FIGURE 11-6 Rostral pons. (A) Diagram of a cross section through the upper pons at the level of the locus ceruleus and mesencephalic nucleus of the trigeminal nerve. CN = cranial nerve; MLF = medial longitudinal fasciculus. (B) Myelin-stained section through the same level of the pons as the level of the nucleus ceruleus and mesencephalic nucleus of the trigeminal nerve.
Clinical Considerations
With respect to the pons, different syndromes associated with distinct regions of the pons can be identified. The more common ones are described in the following sections.

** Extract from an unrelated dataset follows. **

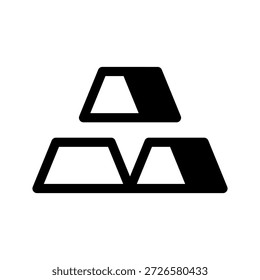 Gold Icon Vector Symbol Design Illustration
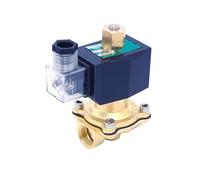 1 électrovanne électrique normalement ouverte DC 12 V DC 24 V 1 '' DN25, distributeur d'eau à contrôle magnétique(AC240V)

Caudal Tegmental Pontine Syndrome
Caudal tegmental pontine syndrome, caused by occlusion of circumferential branches of the basilar artery, impacts upon structures situated within the caudal aspect of the pontine tegmentum. The major structures thus affected include the MLF, motor nuclei of CN VI and CN VII, spinal nucleus of CN V, spinothalamic tracts, and descending pathways from the hypothalamus. Therefore, deficits seen from this vascular occlusion would include ipsilateral facial nerve palsy (CN VII), lateral gaze palsy (CN VI), and Horner’s syndrome (resulting from loss of descending sympathetic input to the lower brainstem). The exact nature of these deficits is a function of the extent of damage incurred by the vascular occlusion.
FIGURE 11-7 Cerebellum. Superior (A), midsagittal (B), and inferior (C) views of the cerebellum illustrating anterior, posterior, and flocculonodular lobes as well as hemispheres and vermal regions.
FIGURE 11-8 Cerebellum and deep cerebellar nuclei. This view of the cerebellum illustrates the positions occupied by the deep cerebellar nuclei. The largest nucleus, the dentate nucleus, is located laterally. The fastigial nucleus is situated medially, and the globose and emboliform (interposed) nuclei are located in an intermediate position.